--- DATA SEGMENT ---
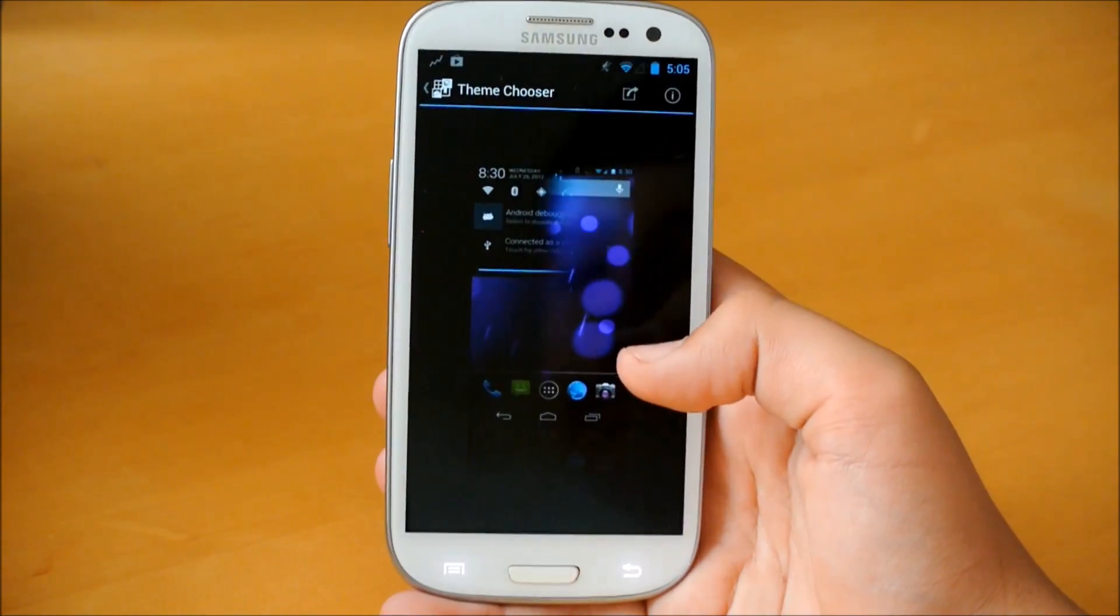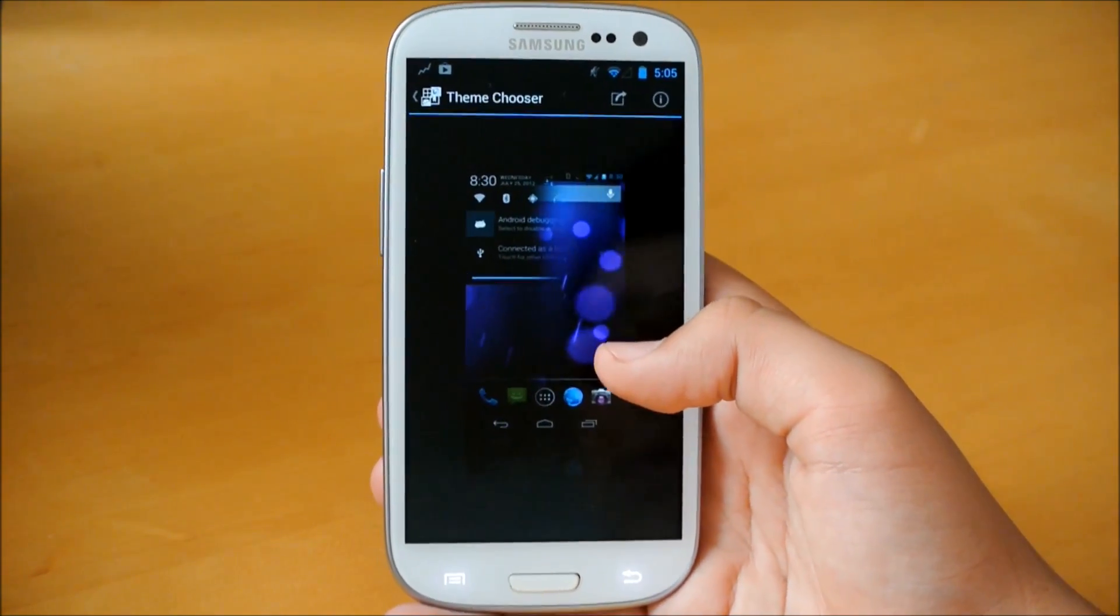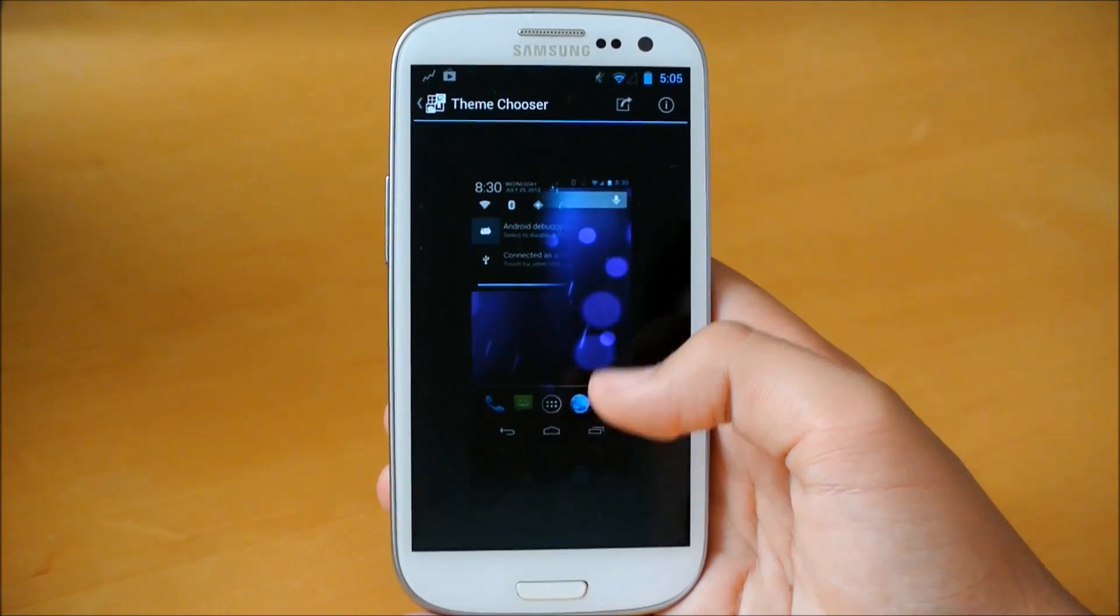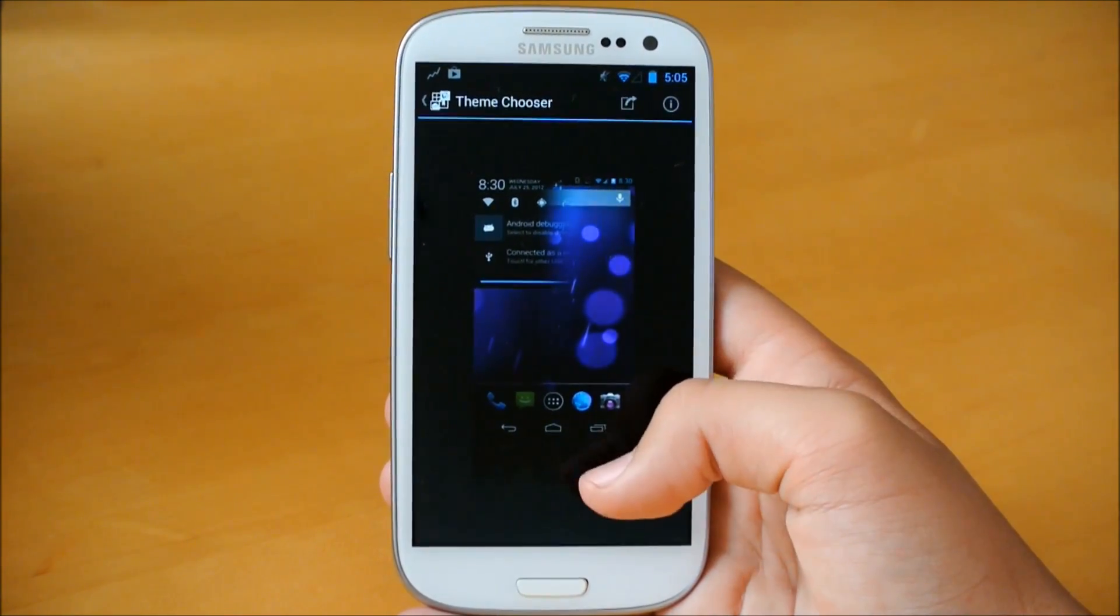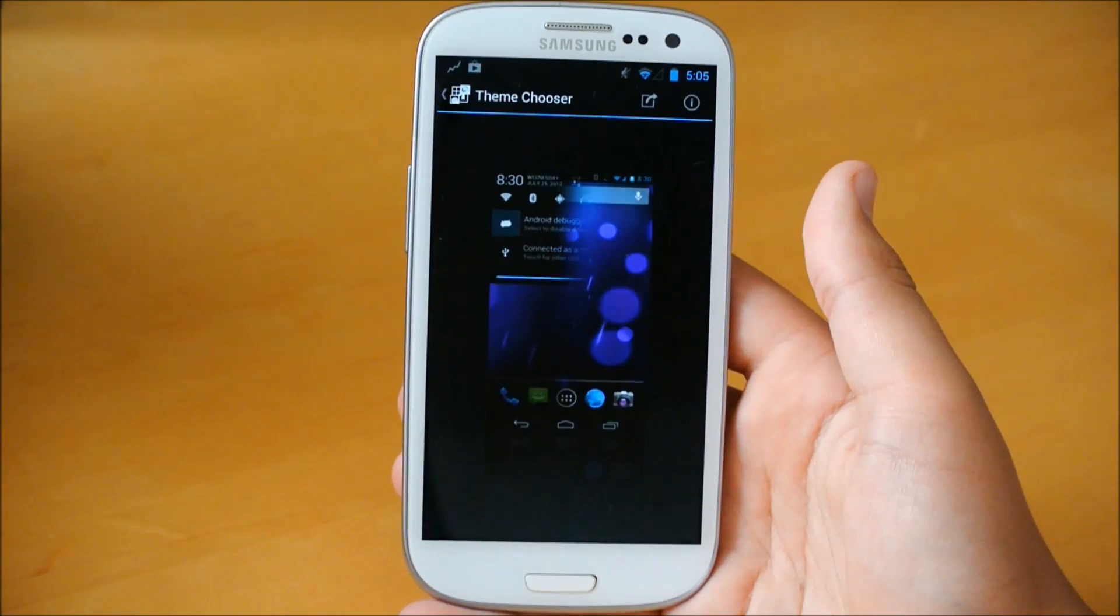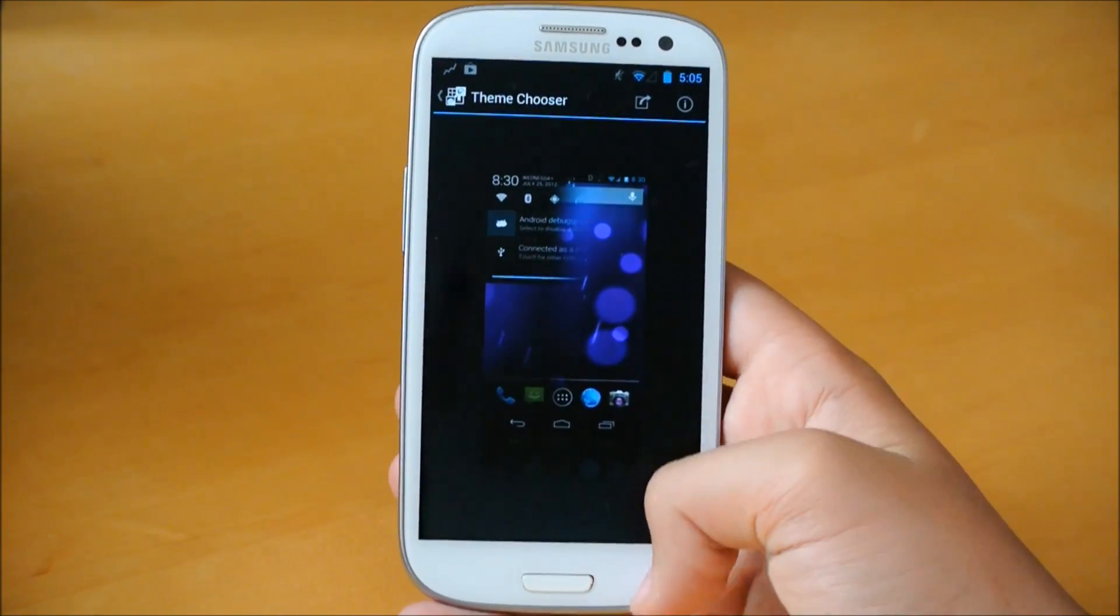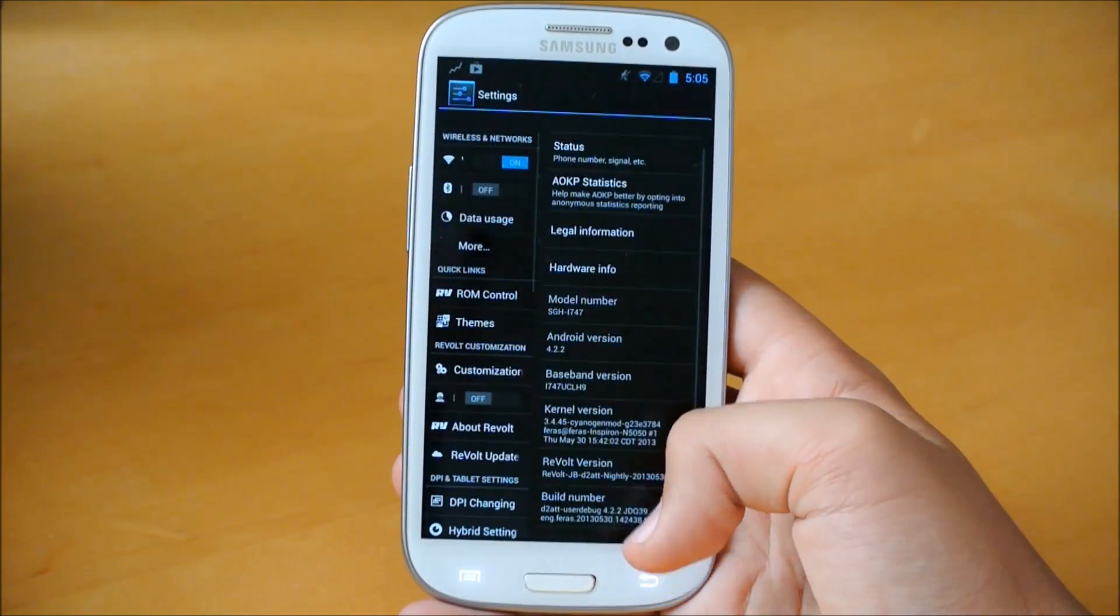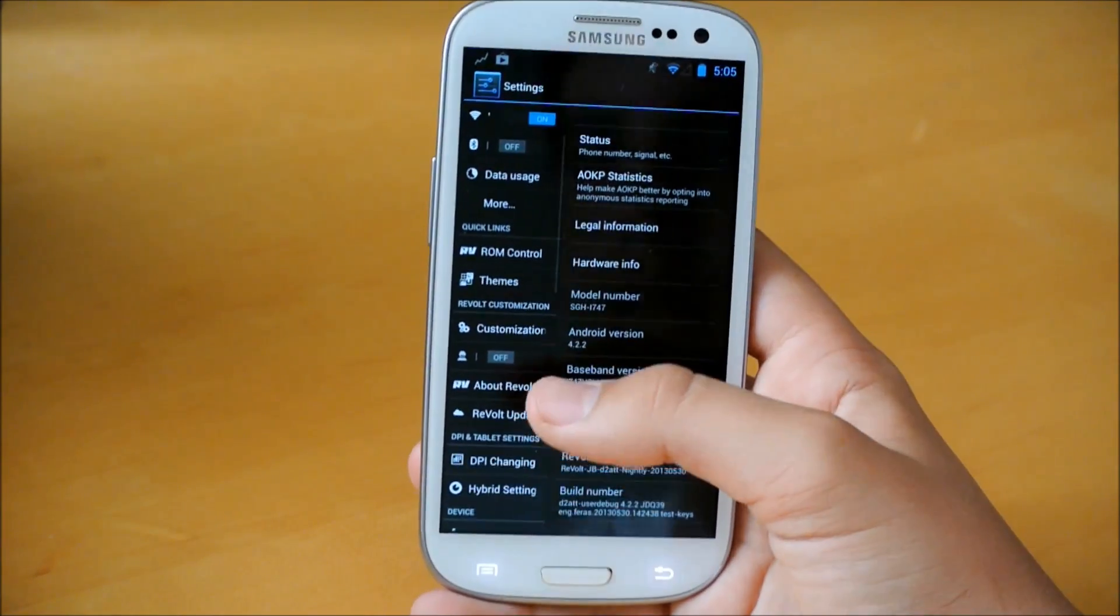We do get theme manager. So you can install themes from the Play Store and enable them here. You just search them up in the Play Store, AOKP or CyanogenMod Themes, and you'll enable them, obviously, through here.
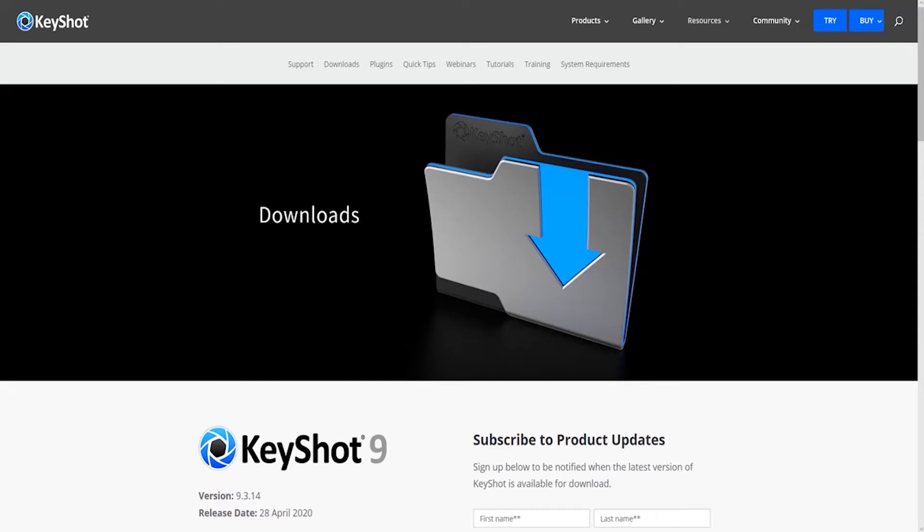Hello and welcome to this video on how to access your Keyshot floating license. Once you've installed your Luxion license server and installed your Keyshot floating license, it's now time to connect Keyshot to the license server.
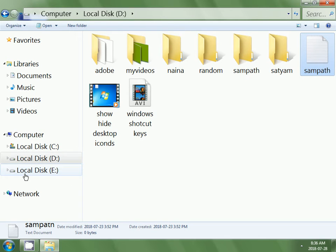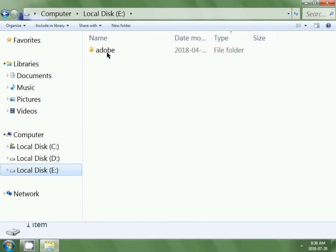Then click on local disk E at the left side of the window. Now at the right side you will find the local disk E folder's files.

--- WORK ORDER ---
Write the full listing out again with every line unchanged, but include no pictures.

--- EXPECTED OUTPUT ---
We do get theme manager. So you can install themes from the Play Store and enable them here. You just search them up in the Play Store, AOKP or CyanogenMod Themes, and you'll enable them, obviously, through here.
Hello and welcome to this video on how to access your Keyshot floating license. Once you've installed your Luxion license server and installed your Keyshot floating license, it's now time to connect Keyshot to the license server.
Then click on local disk E at the left side of the window. Now at the right side you will find the local disk E folder's files.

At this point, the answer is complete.